Her parents' home is full of things she hasn't known about or hasn't thought about in a long while. It's also tainted by the presence of her father's second wife, Fay, a crass, insensitive woman who at one point gets compared to the weather, an uncomprehending force of nature that sweeps through people's lives.
For Fay was without any powers of passion or imagination in herself and had no way to see it or reach it in the other person. Other people, inside their lives, might as well be invisible to her. To find them, she could only strike out those little fists at random, or spit from her little mouth. She could no more fight a feeling person than she could love him.

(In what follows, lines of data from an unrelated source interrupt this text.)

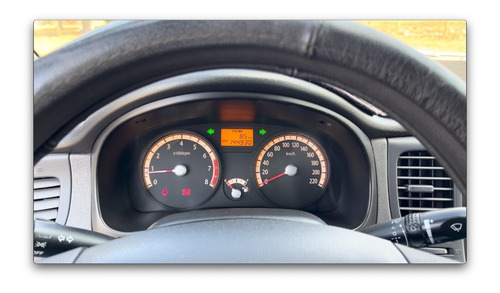 Imagen 5 de 21 de Kia Rio Jb 4 2009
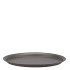 TOSCA PLATE ZWART 25CM NM
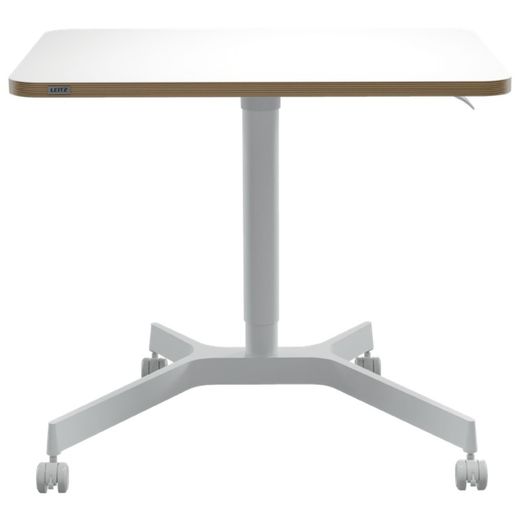 Petite table Leitz Ergo pour s'asseoir/travailler à pied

The novel reckons with the costs of love. With love comes profound loss; how does one cope? Is the solution to live like Fay, who performs grief but doesn't feel much of anything in a deep way? Because she feels less, her survival in this world seems more assured; in this sense, she's more hardy than Laurel. But she's brittle in other ways. Laurel does survive, in her own way, relinquishing possessions and bearing memories forward.
The memory can be hurt, time and again - but in that may lie its final mercy. As long as it's vulnerable to the living moment, it lives for us, and while it lives, and while we are able, we can give it up its due.
One of the things I appreciated about this novel was the sensitive way it made the dead come alive in memory. They aren't fixed and silent images. Laurel, for instance, considers those who have died and wonders about them, why they acted as they did, and what they'd say or do now. Of course, it's not the same as them being alive, but they're a part of her world still. I think a part of her courage - to keep living, free, afraid, full of light - comes from thinking about her relationships with them and their relationships with each other.
Between some two people every word is beautiful, or might as well be beautiful.
While Fay lives in the realm of objects, just plain hard materials, Laurel has greater depth and so has more to lose. And yet, she's strong at the end, cut loose from her father's home and going off on a tide of spirit and possibility.

(I read The Optimist's Daughter by Eudora Welty for the Classics Club Challenge.)